- _RECORDS PROVIDED_
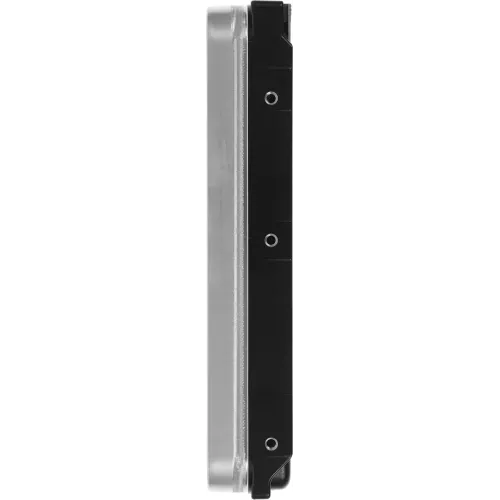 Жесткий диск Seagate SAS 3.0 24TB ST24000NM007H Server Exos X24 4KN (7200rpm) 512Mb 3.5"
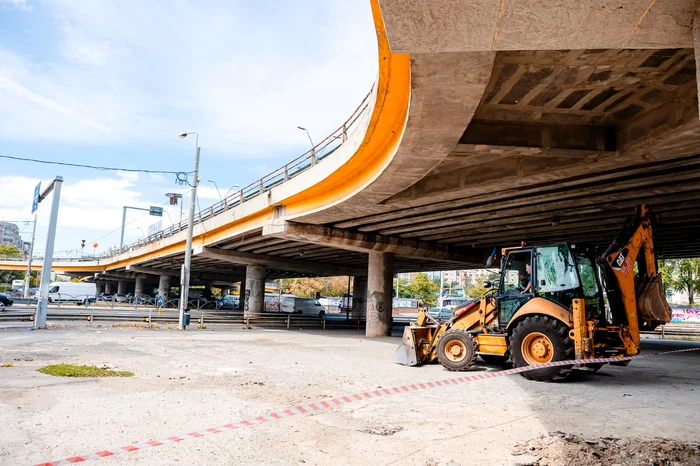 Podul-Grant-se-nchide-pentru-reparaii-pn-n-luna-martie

---

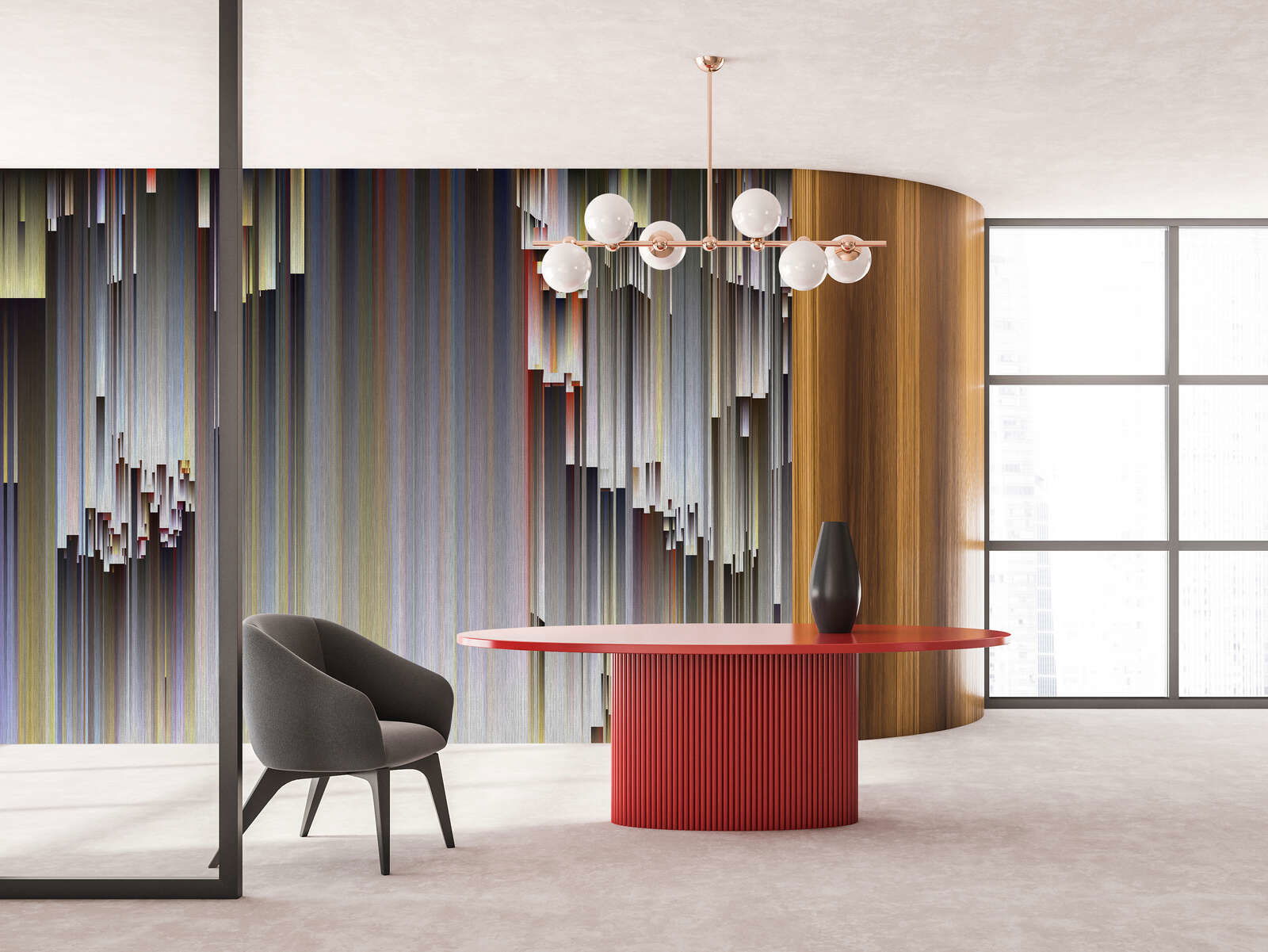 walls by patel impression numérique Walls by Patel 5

--

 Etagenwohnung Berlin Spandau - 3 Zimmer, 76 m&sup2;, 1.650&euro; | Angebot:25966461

- _WORK ITEM_
All that is wanted is the lines above between the one containing "Жесткий диск Seagate" and the one containing "Podul-Grant-se-nchide-pentru-reparaii-pn-n-luna-martie", inclusive, restated word for word, with pictures omitted.

- _RESULT BELOW_
 Жесткий диск Seagate SAS 3.0 24TB ST24000NM007H Server Exos X24 4KN (7200rpm) 512Mb 3.5"
 Podul-Grant-se-nchide-pentru-reparaii-pn-n-luna-martie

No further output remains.